Last year’s push to expand the program statewide had run into opposition from the Florida Sheriffs Association, which had objected to expanding programs without county commissions’ approval. This year’s bill, said Hansel Tookes, the University of Miami doctor who has helped lead the pilot, was crafted with some of those compromises in mind.

He acknowledged the prohibition on local dollars in the House bill meant “it’s going to be difficult for programs in rural areas to set up.”

But Tookes added that in urban counties like Broward and Palm Beach where local commissions have already indicated they are supportive of such a program, allowing needle exchanges could save thousands of lives. “I am more optimistic than I have ever been,” he said.

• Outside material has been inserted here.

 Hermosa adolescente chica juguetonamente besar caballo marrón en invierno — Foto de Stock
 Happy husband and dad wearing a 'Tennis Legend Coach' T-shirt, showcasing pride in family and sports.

Matt Zweil, an advocate who for years has sought to open a similar exchange program in Tampa Bay, said Tuesday he could work with the public funding restriction and that he supported the one-to-one requirement on exchanging dirty needles in the House version of the bill: “I am prepared to get out there and do the work and pay for it myself, and then come back to them a couple years down the line and demonstrate the value of that work.”

If the House does pass the bill, it will need to be sent back to the Senate for both chambers to agree on what the legislation should look like. But Sen. Oscar Braynon, D-Miami Gardens, who sponsored the proposal in the Senate, said he is optimistic the House and Senate will find a way to agree on the legislation before session ends May 3.

“I’m open to talking to them about it,” he said. “I want to pass it. They want to pass it. I hope we’ll find a landing place.”